Regular Expression question

S

stevebread

Hi, I am having some difficulty trying to create a regular expression.

Consider:

<tag1 name="john"/> <br/> <tag2 value="adj__tall__"/>
<tag1 name="joe"/>
<tag1 name="jack"/>
<tag2 value="adj__short__"/>

Whenever a tag1 is followed by a tag 2, I want to retrieve the values
of the tag1:name and tag2:value attributes. So my end result here
should be
john, tall
jack, short

My low quality regexp
re.compile('tag1.+?name="(.+?)".*?(?!tag1).*?="adj__(.*?)__',
re.DOTALL)

cannot handle the case where there is a tag1 that is not followed by a
tag2. findall returns
john, tall
joe, short

Ideas?

Thanks.
 
R

Rob Wolfe

Hi, I am having some difficulty trying to create a regular expression.

Consider:

<tag1 name="john"/> <br/> <tag2 value="adj__tall__"/>
<tag1 name="joe"/>
<tag1 name="jack"/>
<tag2 value="adj__short__"/>

Whenever a tag1 is followed by a tag 2, I want to retrieve the values
of the tag1:name and tag2:value attributes.
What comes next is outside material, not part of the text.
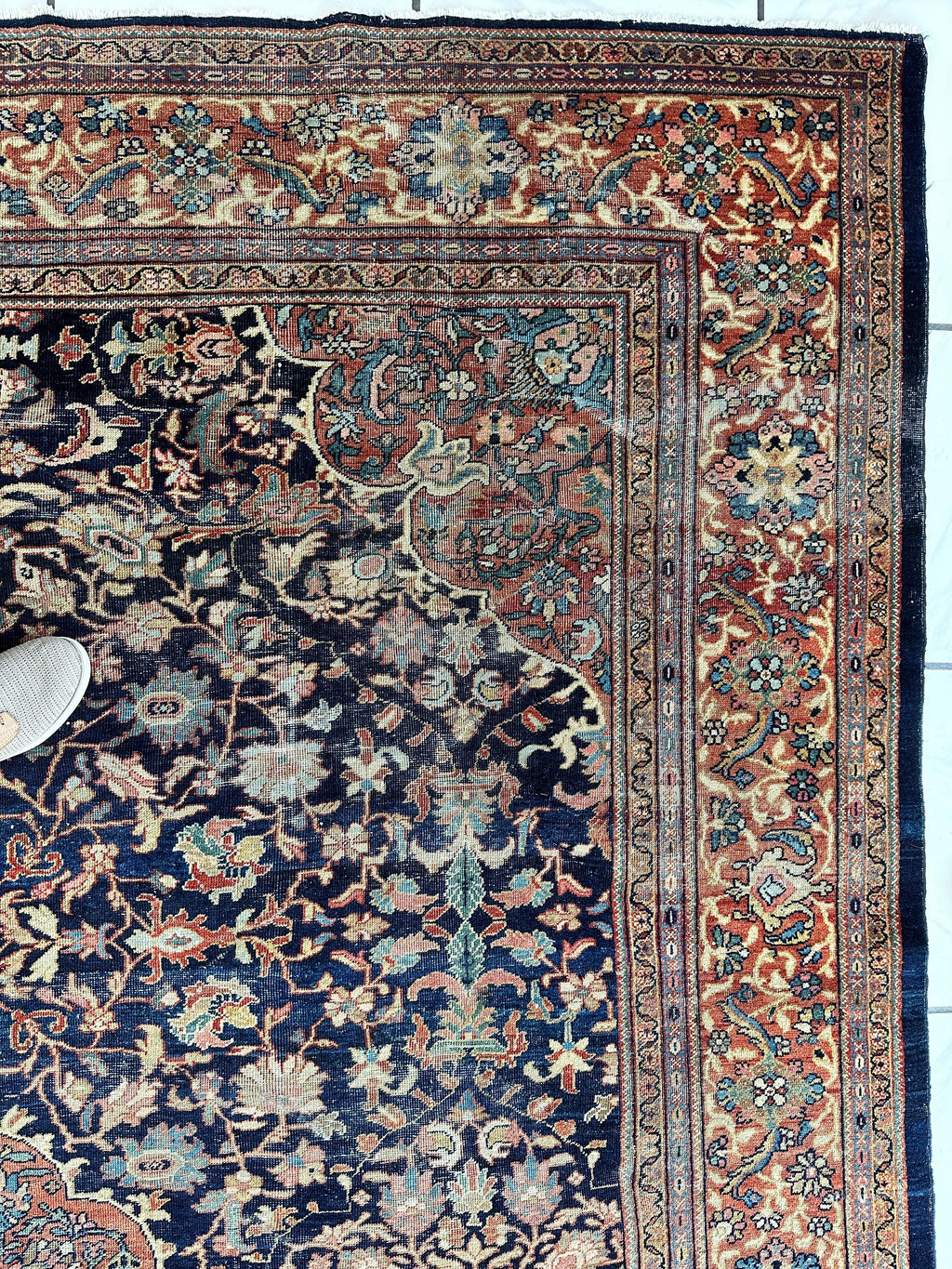 Antique Persian Mahal Rug 8’3”x12’ - Circa 1900 Treasure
So my end result here
should be
john, tall
jack, short

My low quality regexp
re.compile('tag1.+?name="(.+?)".*?(?!tag1).*?="adj__(.*?)__',
re.DOTALL)

cannot handle the case where there is a tag1 that is not followed by a
tag2. findall returns
john, tall
joe, short

Ideas?

Have you tried this:

'tag1.+?name="(.+?)".*?(?=tag2).*?="adj__(.*?)__'

?

HTH,
Rob
 
S

stevebread

Thanks, i just tried it but I got the same result.
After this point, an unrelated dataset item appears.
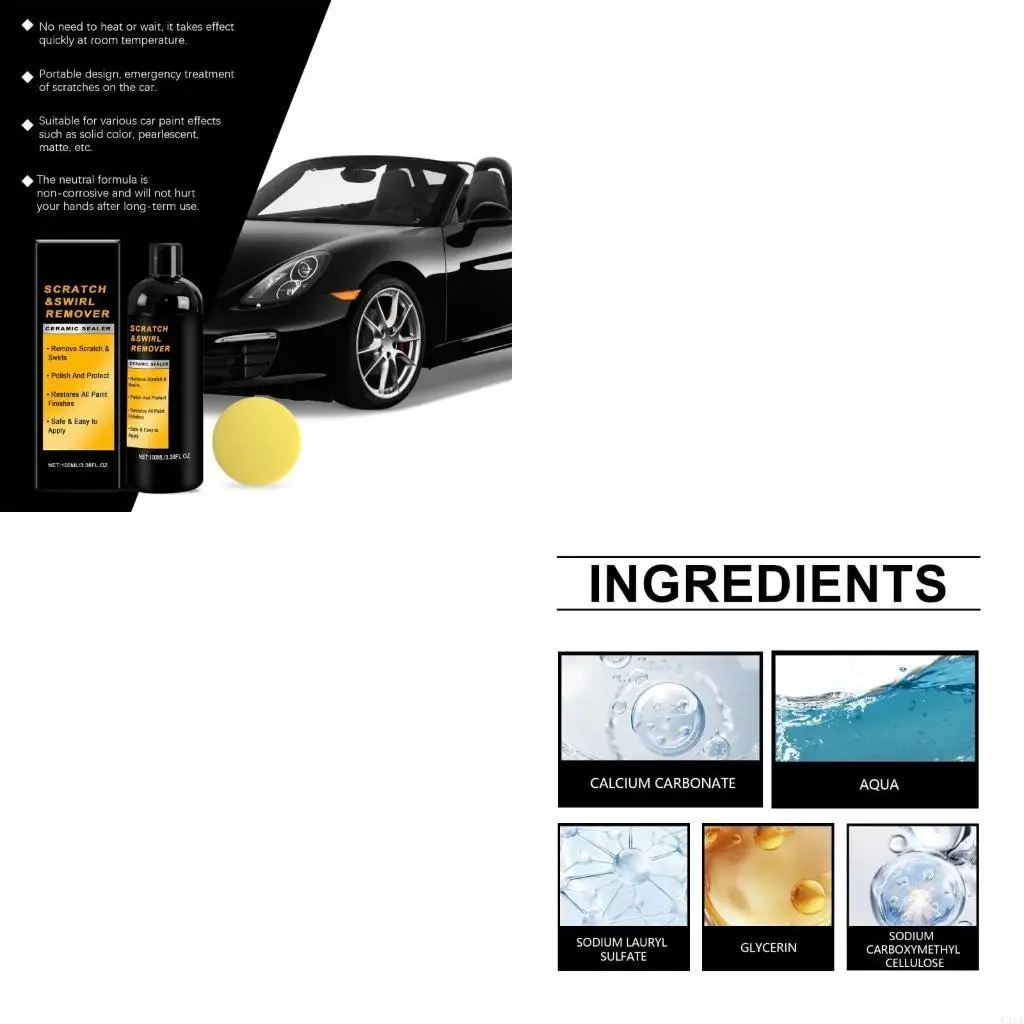 Durable Car Paint Restorer Polish Compound Scratch Remover Detailing Polishing
Durable Car Paint Restorer Polish Compound Scratch Remover Detailing Polishing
I've been thinking about it for a few hours now and the problem with
this approach is that the .*? before the (?=tag2) may have matched a
tag1 and i don't know how to detect it.

And even if I could, how would I make the search reset its start
position to the second tag1 it found?
 
B

bearophileHUGS

I am not expert of REs yet, this my first possible solution:

import re

txt = """
<tag1 name="john"/> <br/> <tag2 value="adj__tall__"/>
<tag1 name="joe"/>
<tag1 name="jack"/>
<tag2 value="adj__short__"/>"""

tfinder = r"""< # The opening < the tag to find
\s* # Possible space or newline
(tag[12]) # First subgroup, the identifier, tag1
or tag2
\s+ # There must be a space or newline or
more
(?:name|value) # Name or value, non-grouping
\s* # Possible space or newline
= # The =
\s* # Possible space or newline
" # Opening "
([^"]*) # Second subgroup, the tag string, it
can't contain "
" # Closing " of the string
\s* # Possible space or newline
/? # One optional ending /
\s* # Possible space or newline
> # The closing > of the tag
? # Greedy, match the first closing >
"""
patt = re.compile(tfinder, flags=re.I+re.X)

prec_type = ""
prec_string = ""
for mobj in patt.finditer(txt):
curr_type, curr_string = mobj.groups()
if curr_type == "tag2" and prec_type == "tag1":
print prec_string, curr_string.replace("adj__", "").strip("_")
prec_type = curr_type
prec_string = curr_string

Bye,
bearophile
 
R

Rob Wolfe

Thanks, i just tried it but I got the same result.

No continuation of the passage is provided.